First things first. What is Solr?
“Solr is the popular, blazing fast open source enterprise search platform from the Apache Lucene project. Its major features include powerful full-text search, hit highlighting, faceted search, dynamic clustering, database integration, rich document (e.g., Word, PDF) handling, and geospatial search. Solr is highly scalable, providing distributed search and index replication, and it powers the search and navigation features of many of the world’s largest internet sites. “
-Says the Apache Solr website. I can’t explain it better than this, anyways.
I first used Solr in Jan 2010 and have been using it at various stages of my professional as well as student life, ever since. To say the least, its amazing! 🙂 I was just browsing through this book – “Solr 1.4 Enterprise Search Server” (by David Smiley and Eric Pugh) today. Oh, well, I should have read it in 2010 ideally. But, I found it now. There was one more which I found a couple of weeks ago, “Apache Solr 3.1 Cookbook” by Rafal Kuc. I thought it would be good to put the set of related links that I found useful over a period of time, so that others like me, who want to begin with Solr, might find them useful too. There might be N such posts on the web. But, this is partly for my own log too!

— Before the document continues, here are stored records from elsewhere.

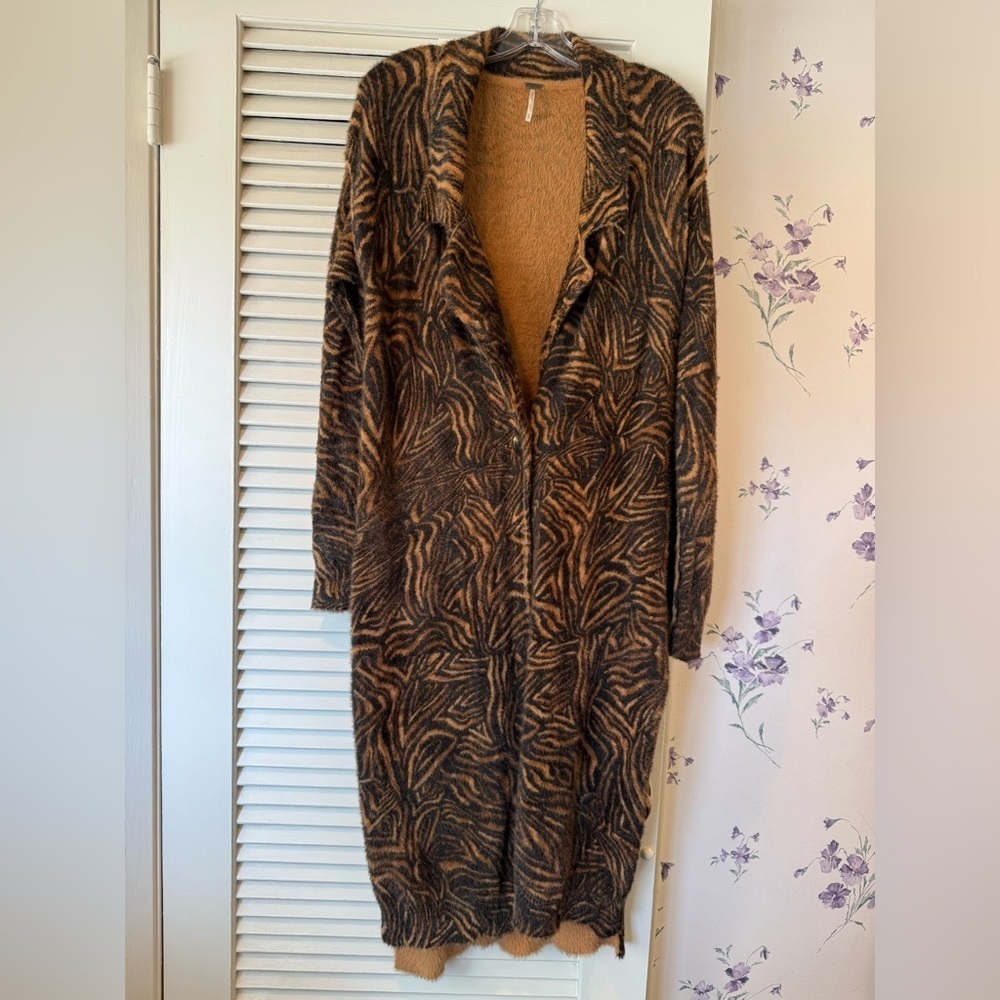 Free People Animal Print Long Cardigan with Collar and Buttons Size Small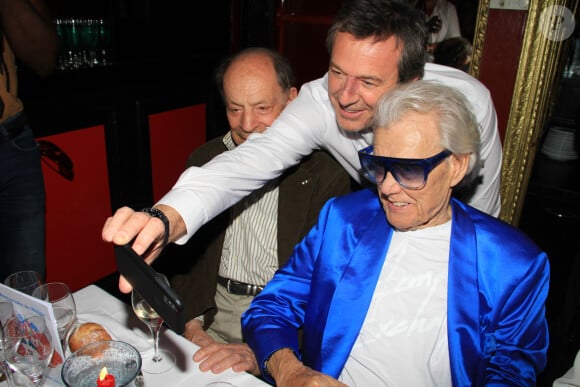 Charles Dumont, Jean-Luc Reichmann, Michou - Michou fête son 88ème anniversaire dans son cabaret avec ses amis à Paris le 18 juin 2019. © Philippe Baldini/Bestimage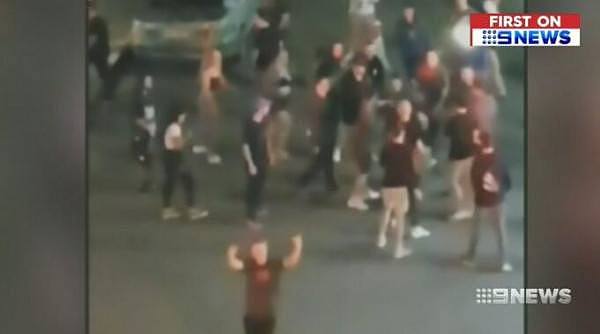 布里斯本发生大规模骚乱！300多人在街头互殴，警员介入后遇袭！数十人被逮捕（组图 / 视频） - 9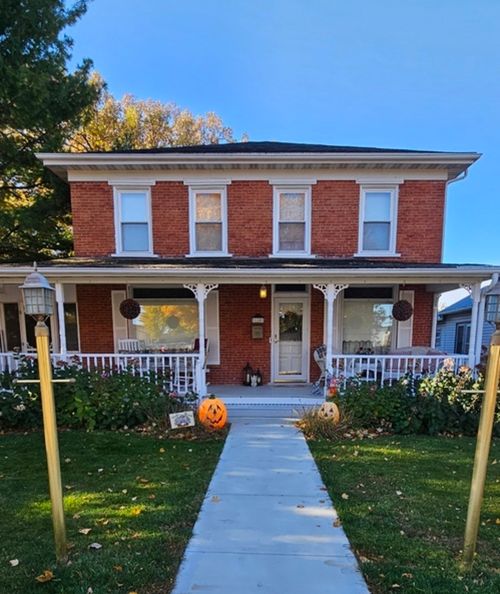 110 W Mason St, LENA, IL, 61048-9778 | Card Image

1) I remember starting at this presentation on “What is Solr?” by Tom Hill (courtesy: my google bookmarks). It might be a bit dated now, though.
2) This article by Grant Ingersoll, at IBM Developer works, was another useful one, back then.

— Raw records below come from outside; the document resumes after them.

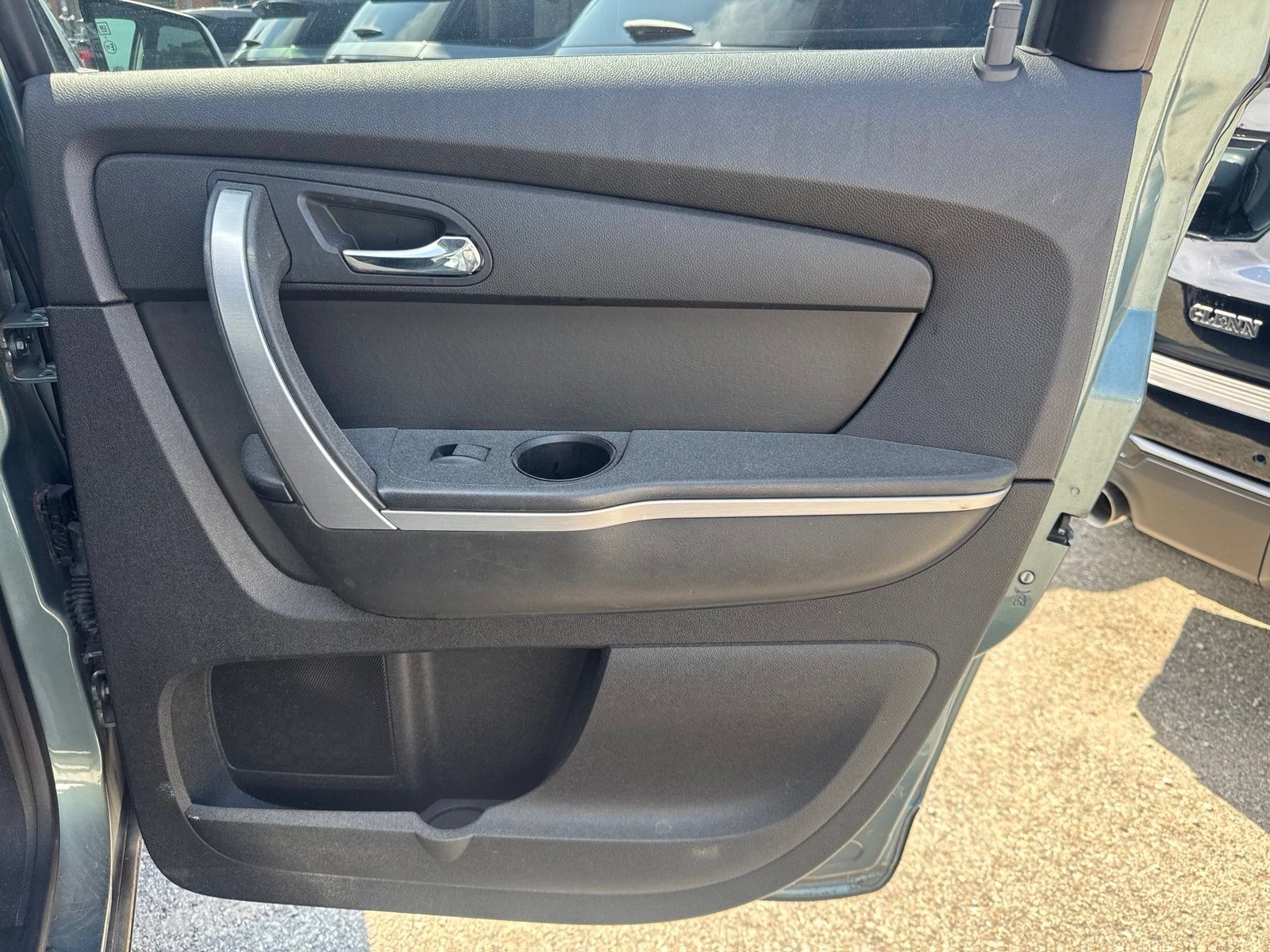 Used 2009 GMC Acadia SLE FWD image 25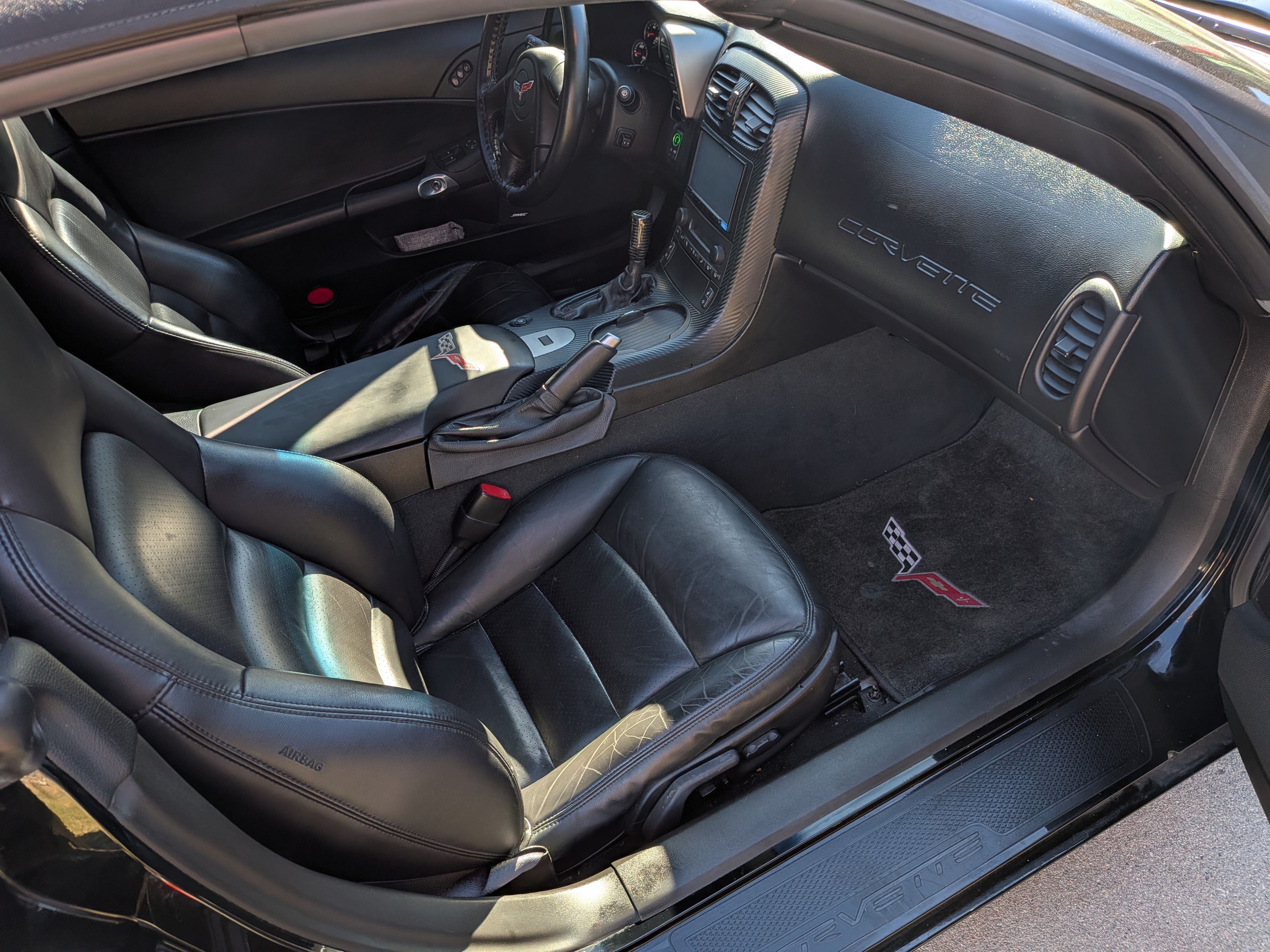 Used 2005 Chevrolet Corvette Convertible w/ Preferred Equipment Group RWD image 10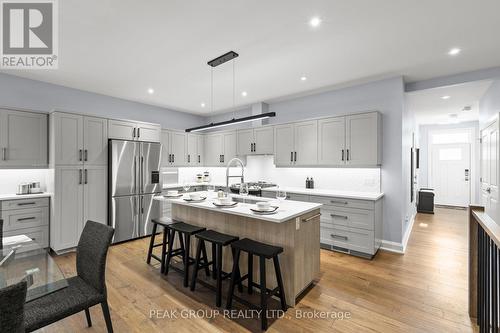 2 - 9245 Shoveller Drive, Niagara Falls (219 - Forestview), ON - Indoor Photo Showing Kitchen With Upgraded Kitchen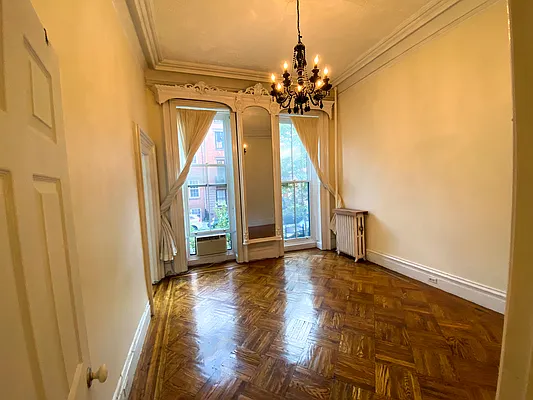 Rented by Bien Realty Ltd | media 42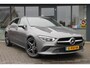 Mercedes-Benz CLA Shooting Brake 180 Advantage ✅ Camera ✅ Zwarte Hemel ✅ Rijklaar ✅ 1 Jaar Bovag Garantie ✅
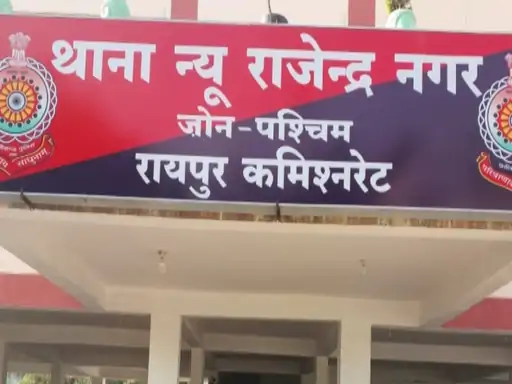आधी रात एक्सप्रेस-वे पर MBA छात्र से लूट, डंडे से हमला कर 80 हजार का मोबाइल छीना आधी रात एक्सप्रेस-वे पर MBA छात्र से लूट, डंडे से हमला कर 80 हजार का मोबाइल छीना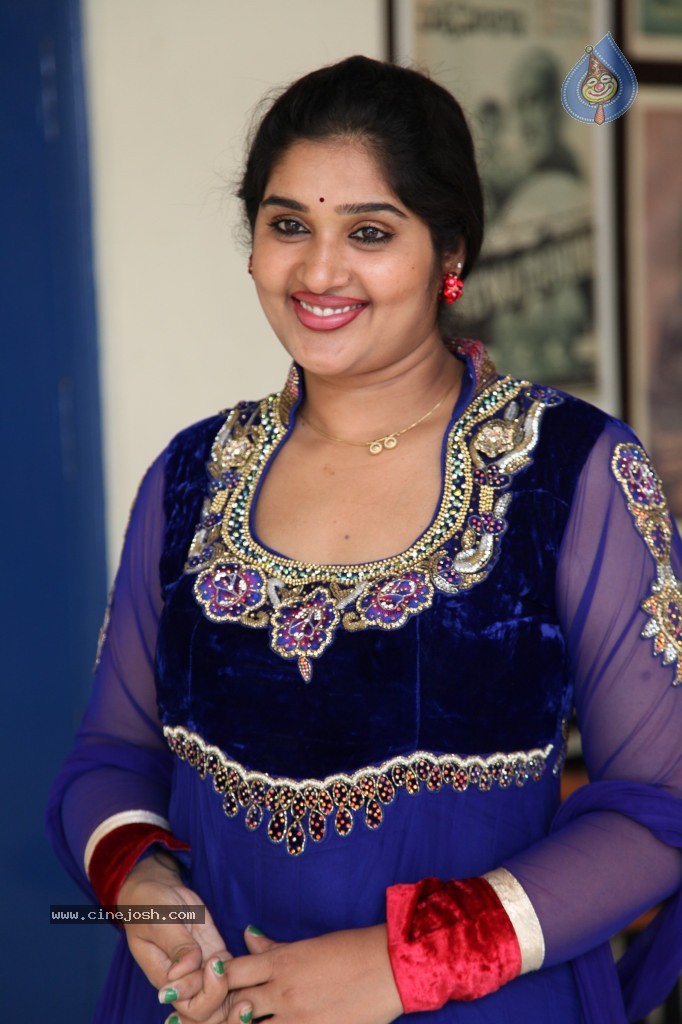 Priya Stills - 42 / 62 photos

3) Solr Wiki is the best source for everything, ofcourse. (http://wiki.apache.org/solr)
4) “Seven Deadly Sins of Solr” on LucidImagination pages, was another one, which helped me a lot during the initial days. In general, LucidImagination has some really good articles on Solr, for users of all stages of Solr experience.

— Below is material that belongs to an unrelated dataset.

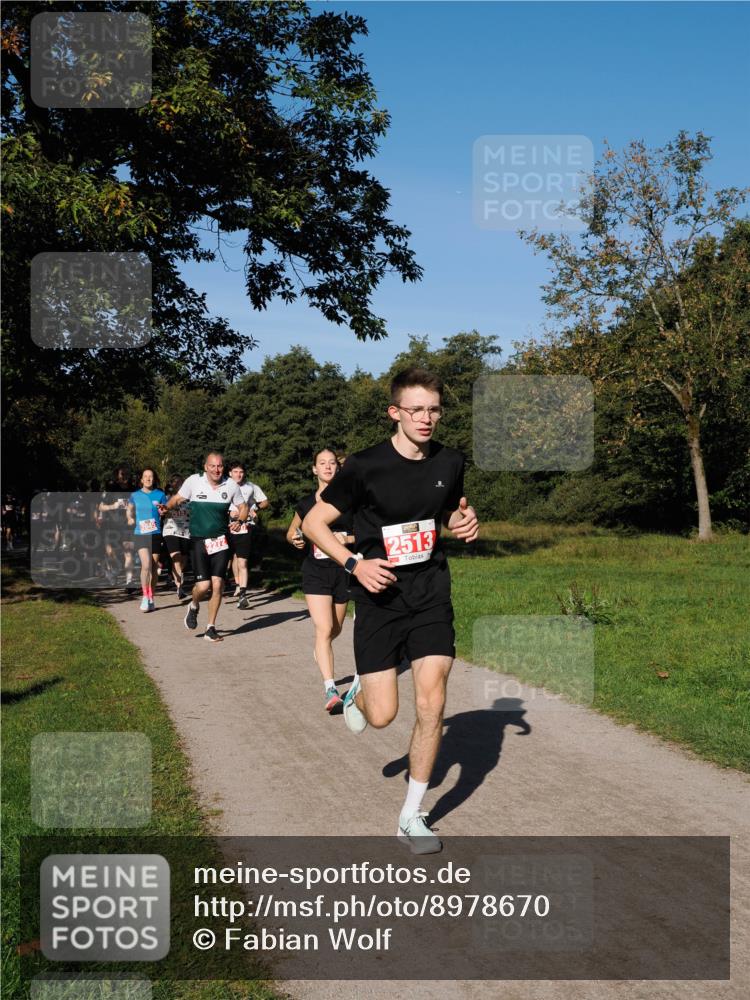 28.09.2025 - 33. Volkslauf durch das schöne Alstertal Fabian Wolf http://msf.ph/oto/8978670 28.09.2025 10:24:29 Laufen 2272, 2513 meine-sportfotos.de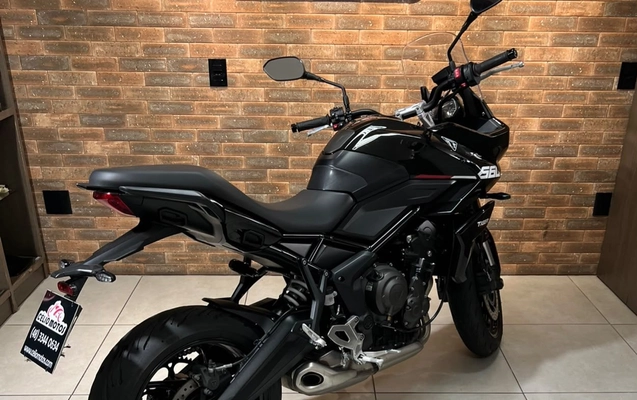 imagem-https://www.socarrao.com.br/sc-vehicle-images-prod/3753933/1789060241856-221e4c31aa6e48be907ae96a10502472_1789049715810.jpg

5) In my view, setting Solr in Eclipse, with Tomcat is a real irritating issue. Well, it’s no difficult. Its straight forward. But, I don’t (perhaps won’t) understand Tomcat behavior in Eclipse, personally. This blogpost gives an overview of what to do to make a test Solr server work in your eclipse.
6) I was wondering about the crawling part of Solr. I always used external crawlers (Heritrix, Wget and even 80legs etc) to get required data. But there seem to be decent amount of options, which I did not try out, yet. Some of them –
a) Using Nutch with Solr – a LucidImagination article (I did play around with Nutch a while ago, but I did not know about Solr back then!)
b) Youseer, which uses Heritrix to crawl and Solr to index.
c) Crawl-Anywhere, another thing that I read about recently, which uses their own crawler, with Solr Indexer.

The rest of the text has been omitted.